Personal information
- Born: 24 February 1977 (age 49) Sydney, New South Wales, Australia

Playing information
- Height: 188 cm (6 ft 2 in)
- Weight: 100 kg (15 st 10 lb)
- Position: Prop
Club
| Years | Team | Pld | T | G | FG | P |
| 1998–01 | Cronulla Sharks | 52 | 5 | 0 | 0 | 20 |
| 2002–11 | South Sydney | 190 | 6 | 0 | 0 | 24 |
|  | Total | 242 | 11 | 0 | 0 | 44 |
Representative
| Years | Team | Pld | T | G | FG | P |
| 2009 | City Origin | 1 | 0 | 0 | 0 | 0 |
- Source:

= Luke Stuart =

Australian rugby league footballer

Luke Stuart (born 24 February 1977) is an Australian former professional rugby league footballer who played for the South Sydney Rabbitohs in the National Rugby League (NRL). He played as . Stuart joined South Sydney when they re-entered the NRL competition in 2002.

==Background==
Stuart was born in Sydney, New South Wales, Australia.

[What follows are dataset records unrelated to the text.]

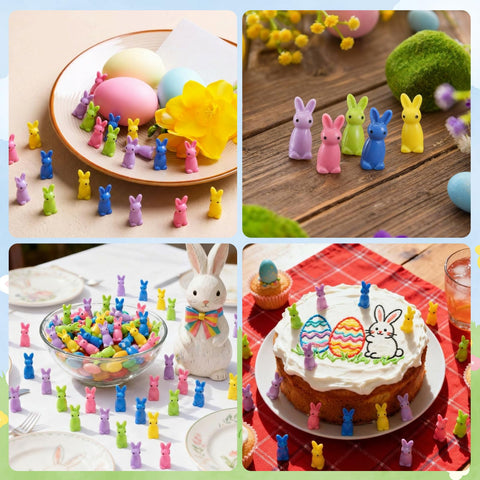 Weysat Easter bunny figurines multicolor pack offer versatile party decor.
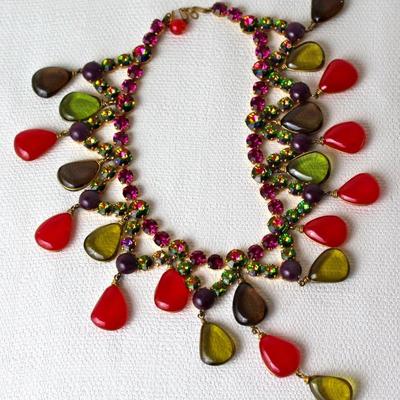 colorful selection of necklaces including this unique, dramatic piece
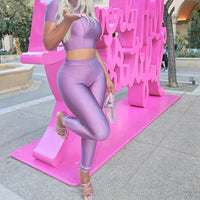 Fashion Sports Clothes Set for Women Short Sleeve Top and Skinny High Waist Pants Solid Gym Outfits Casual Streetwear Trousers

Stuart was a St John's Bosco junior, in the Sutherland Shire.

==Career==
Stuart made his first grade debut in round 9 of the 1998 NRL season for Cronulla-Sutherland against the Auckland Warriors at Mt. Smart Stadium. In the 1999 NRL season, Stuart made six appearances as Cronulla won the Minor Premiership and were among the favorites to win the competition but were defeated by rivals St. George in the preliminary final at Stadium Australia. In the 2001 NRL season, Stuart played nearly every game for Cronulla as the club reached another preliminary final but were defeated by eventual premiers Newcastle at the Sydney Football Stadium.

In 2002, Stuart joined South Sydney and played in the club's first game after their readmission which came against arch rivals the Sydney Roosters. Souths were defeated 40–6 at the Sydney Football Stadium. In the following seasons, Souths continued to struggle on the field and finished last in 2003, 2004 and 2006.

He was instrumental in South Sydney's 2007 Finals charge by playing the majority of games, while playing at Second-Row and Prop. He was a regular starter and was occasionally used as an impact player, coming off the bench to bolster Souths' feared forward pack, including Roy Asotasi, John Sutton, David Fa'alogo and Peter Cusack. Souths would eventually reach the 2007 finals series which was the first time the club had reached the finals since 1989.

In 2008, he won the George Piggins Medal as the club's best and fairest player for the season.

He was selected for City in the City vs Country match on 8 May 2009. At 32 years and 73 days, the selection makes Stuart the oldest NRL player to make their representative debut, a record previously held by Scott Sattler.

He was seen as one of South Sydney's most consistent performers since their readmission in to the NRL in 2002 and was rewarded for all his efforts when he was named replacement captain for the injured Roy Asotasi for the last few games of the 2009 season.

Stuart's final game for South Sydney in the top grade came in round 5 of the 2011 NRL season against the Wests Tigers at the Sydney Football Stadium which finished in a 30–6 loss.